The biggest and loudest monkey in the rain forests of Latin America is the howler monkey. Males can be up to four feet tall. Large vocal cords and a bony chamber under the throat allow them to produce a howl-like sound used to demarcate territory. Like most New World monkeys, howlers have a prehensile tail that can wrap around branches. There are six howler monkey species, which are herbivorous. They eat leaves and the occasional fruit or flower.
The coat of the capuchin monkey, found in Central and South America, is generally dark save for the cream-colored hair on its neck and shoulders and around its pink face. These small monkeys -- their maximum weight is about 9 pounds -- consume fruits, nuts, leaves, insects, frogs and small birds and mammals. Capuchin monkeys are considered intelligent and have been observed in the wild using stones to crack open nuts.
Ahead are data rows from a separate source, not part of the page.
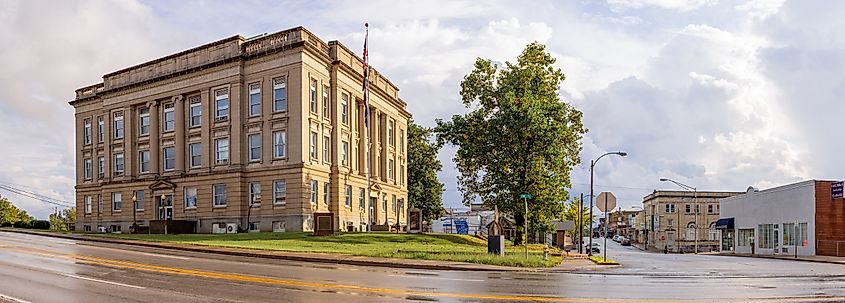  The Historic Butler County Courthouse in Poplar Bluff. Editorial credit: Roberto Galan / Shutterstock.com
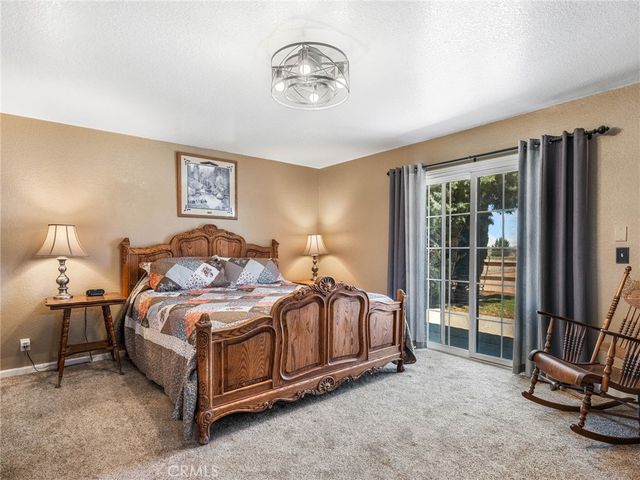 12190 Mission, Oak Hills, CA 92344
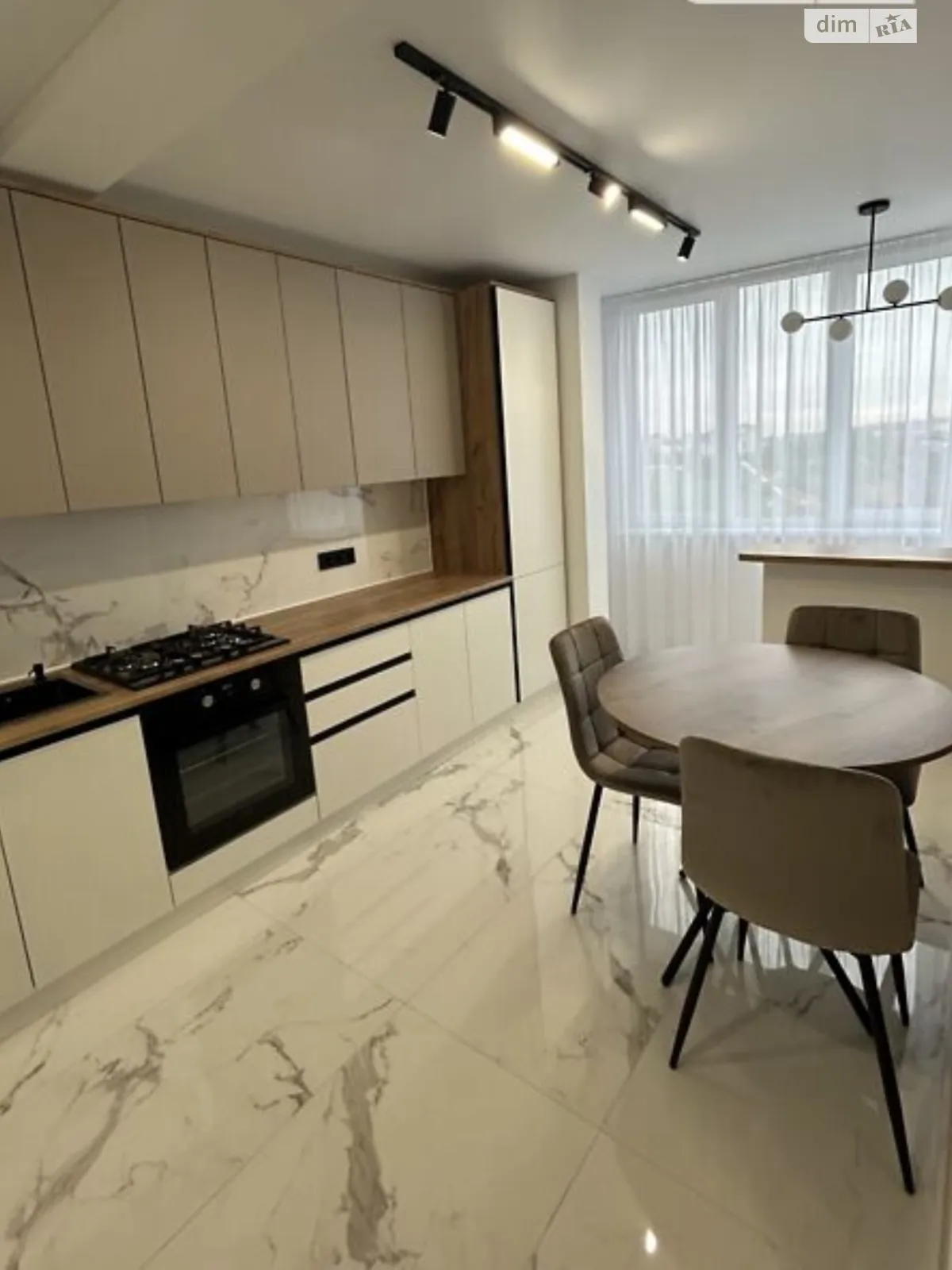 2-комнатная квартира 55 кв. м в Тернополе, ул. Смакулы, 7 - фото 1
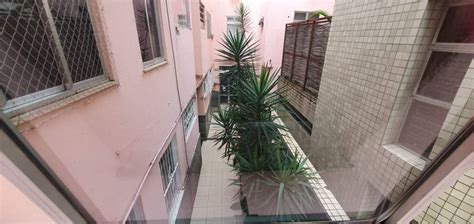 Apartamento Na Rua Leite Leal Laranjeiras Em Rio De Janeiro Por R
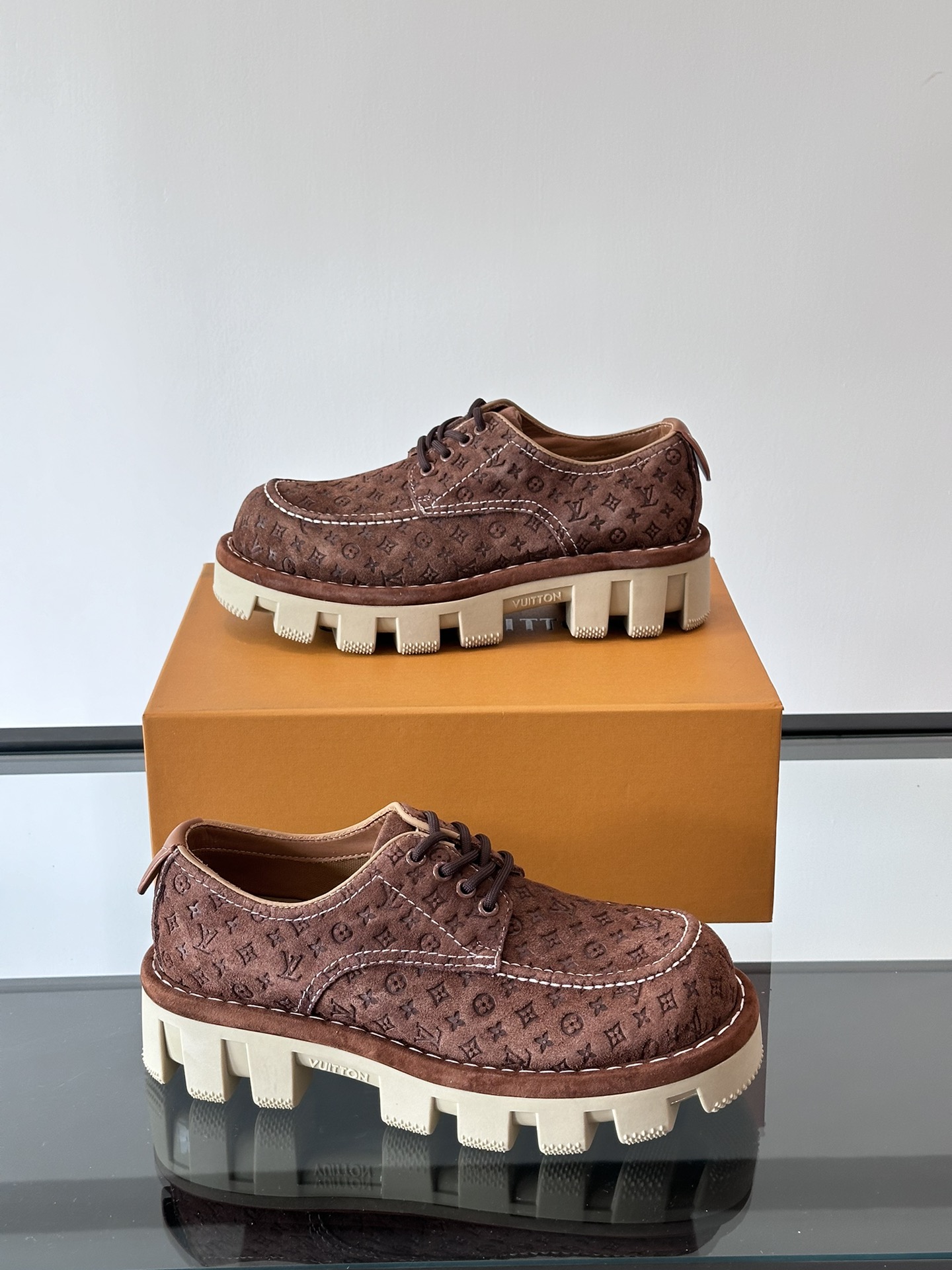 루이비통 LV Checker 스니커즈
The rain forests of southern Mexico, Central America and South America harbor seven species of spider monkeys, which can be identified by the white rings around their eyes. Their faces are hairless, while the rest of their bodies are covered in coarse, black hair. Though they lack thumbs, spider monkeys are agile when it comes to swinging from branch to branch. Fruits make up most of the spider monkey's diet.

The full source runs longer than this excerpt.